* **Task directions**: Begin the copy at the line containing "Prévia da folha" and end it at the final line of the material below, reproducing each line exactly, without images.

* **Dataset extract**:
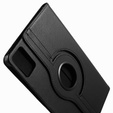 Чехол для Lenovo Idea Tab 11" 2025 TB336FU TB336ZU, вращающийся на 360, с подставкой, черный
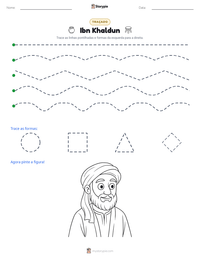 Prévia da folha de atividades imprimível Ibn Khaldun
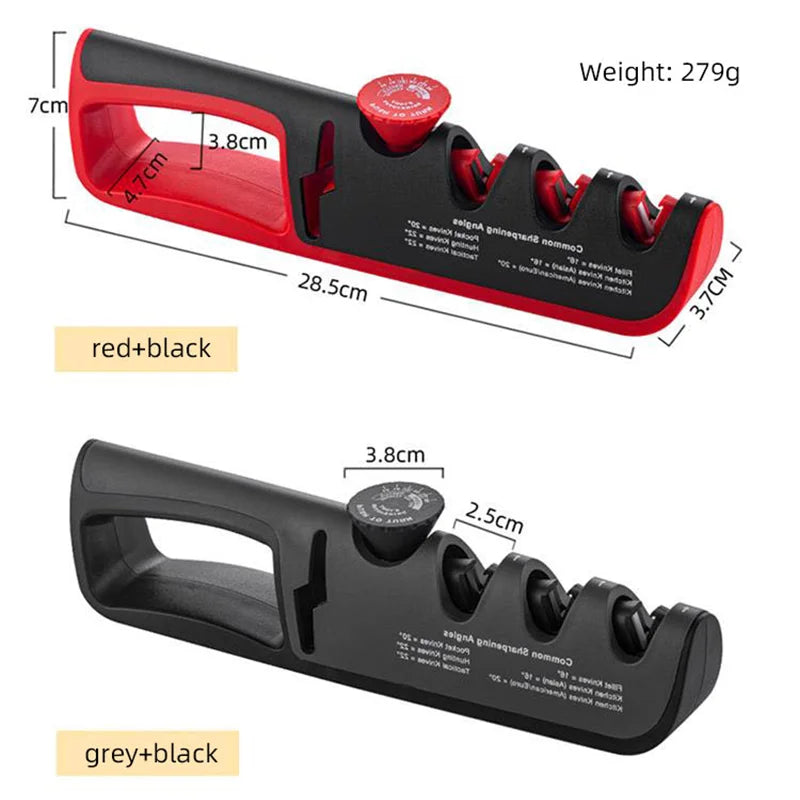 KEMORELA 5-in-1 Knife & Scissors Sharpener | Adjustable Angle Knife Sharpener Axl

* **Answer to this exercise**:
 Prévia da folha de atividades imprimível Ibn Khaldun
 KEMORELA 5-in-1 Knife & Scissors Sharpener | Adjustable Angle Knife Sharpener Axl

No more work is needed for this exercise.